Almost every modern vice follows the same pattern: sin and its wages are delivered with unprecedented speed and a frightening lack of room for error.
In the event, it was not Athens but Rome that invented a model of benevolent compulsion. The Romans revered their city’s legendary founding and greatly admired those who had laid the foundations. They called their ancestors the maiores—literally, “the greater ones”—and carefully passed down their wisdom from one generation to the next. In the Eternal City, Arendt writes, “religion literally meant re-ligare, to be tied back, obligated.” Here, the weight of the past leaned heavily and welcomely on the present. The citizen who could bear up well under such weight had gravitas, and the one who strengthened and augmented (from the Latin augere) the city’s cherished foundations had auctoritas.
After the fall of Rome, Constantine and Augustine helped transfer the Roman “trinity” of values—tradition, religion, and authority—to the Christian church. Thus, the resurrected Christ becomes the cornerstone, the foundation on which the church builds, with tradition, religion, and authority all working together toward this end.
The Roman trinity’s endurance to this point in history is, in Arendt’s assessment, “really almost a miracle.” But with the coming of the modern world, it begins to unravel. Indeed, the history of the last five centuries serves as a backhanded testament to “the stability of the amalgamation,” for wherever one of the elements of the Roman trinity, religion or authority or tradition, was doubted or eliminated, the remaining two were no longer secure. Thus, it was Luther’s error to think that his challenge of the temporal authority of the Church and his appeal to unguided individual judgment would leave tradition and religion intact. So it was the error of Hobbes and the political theorists of the seventeenth century to hope that authority and religion could be saved without tradition. So, too, was it finally the error of the humanists to think it would be possible to remain within an unbroken tradition of Western civilization without religion and without authority.
The consequences of authority’s erosion almost to dust in the present day can hardly be overstated, if Arendt is to be believed. The loss of authority as a concept, she writes, “is tantamount to the loss of the groundwork of the world.” If we are not careful, Arendt warned almost seven decades ago, the disappearance of authority will mean nothing less than “the loss of the human capacity for building, preserving, and caring for a world that can survive us and remain a place fit to live in for those who come after us.”
These were chilling words to read at the start of 2022, the third year in a row that has threatened to veer off into directions that I at least do not want to go, and that fills me with nostalgia for the predictability, the security, of what came before. Today it seems likely that within the foreseeable future the United States will find itself unable to sustain a functioning democracy, and unable to provide its youngest citizens with the opportunities for housing, safety, health, and happiness that past generations enjoyed. At the global level, an increasingly destabilized political and natural world is leaving people everywhere with fewer and fewer places “fit to live in.”

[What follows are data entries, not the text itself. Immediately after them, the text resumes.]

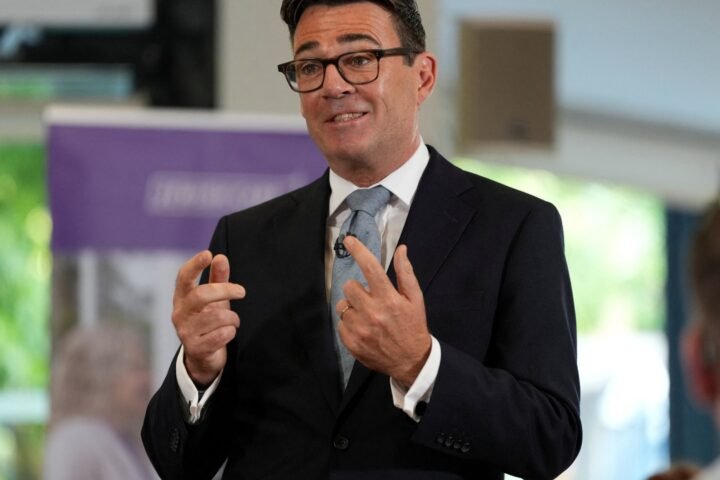 Burnham signals potential tax increases to support adult social care reform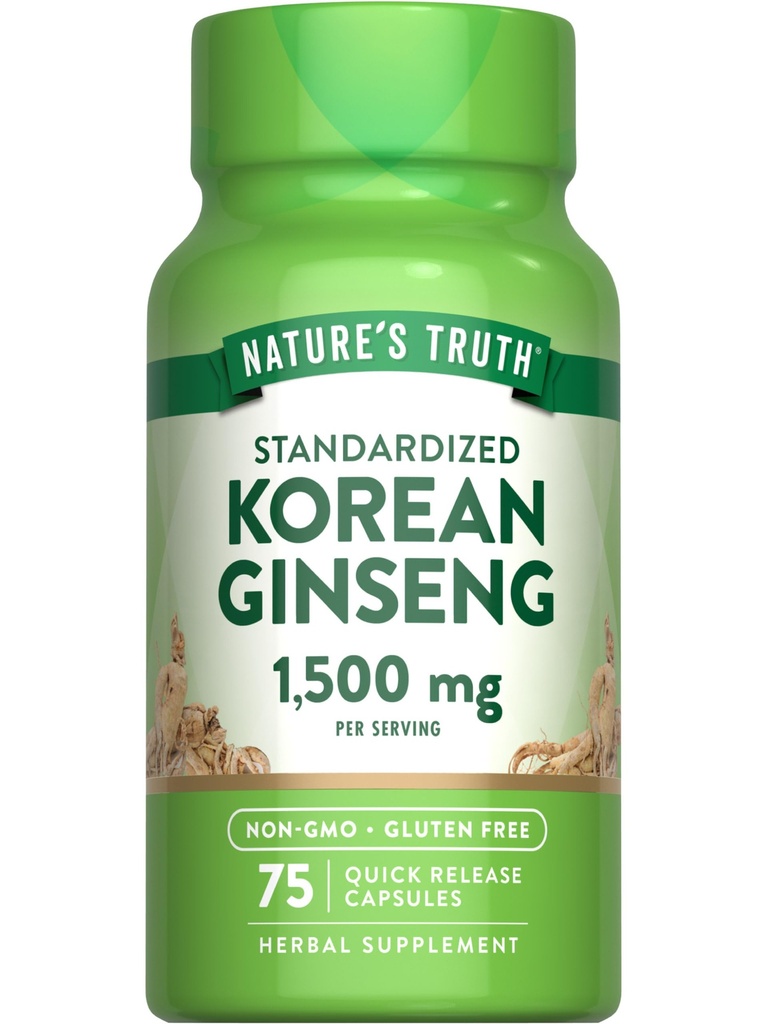 De waarheid van de natuur Koreaanse Ginseng Capsules 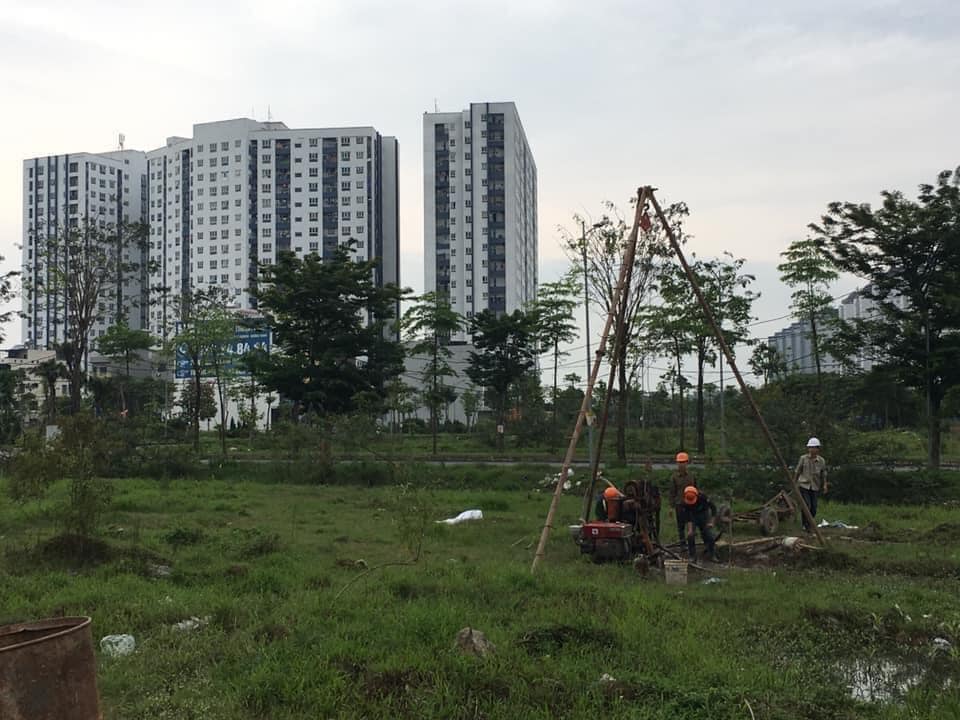 tiến độ liền kề thanh hà 2020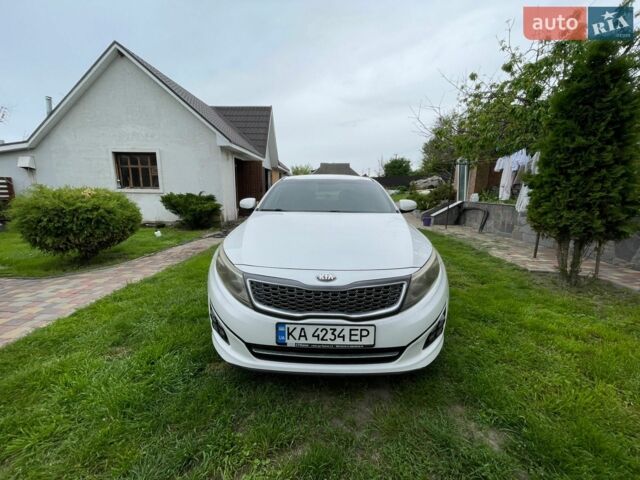 Белый Киа Оптима, объемом двигателя 2.36 л и пробегом 239 тыс. км за 9000 $, фото 13 на Automoto.ua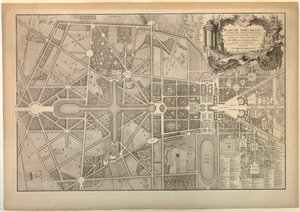 Plan von Versailles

Thus, at the macro scale, Arendt’s fears about the disappearance of authority seem to have come true incontrovertibly. Inheritances that were preserved with care and love and strength and wisdom for centuries are vanishing before our eyes. For my three-year-old daughter, for all young people, I feel no small amount of anger and fear.
But at the micro scale, some internal compulsion—conscience? the Holy Spirit?—refuses to admit defeat. If authority is a concept whose lack could inspire Plato to imagine something not far off from the Christian God, and if authority in action could amaze Jesus, then we ought to let it lead us, too, into wonder today. If Roman authority has died, then a new form of genuine authority—not force, not coercion, not persuasion—is needed to take its place.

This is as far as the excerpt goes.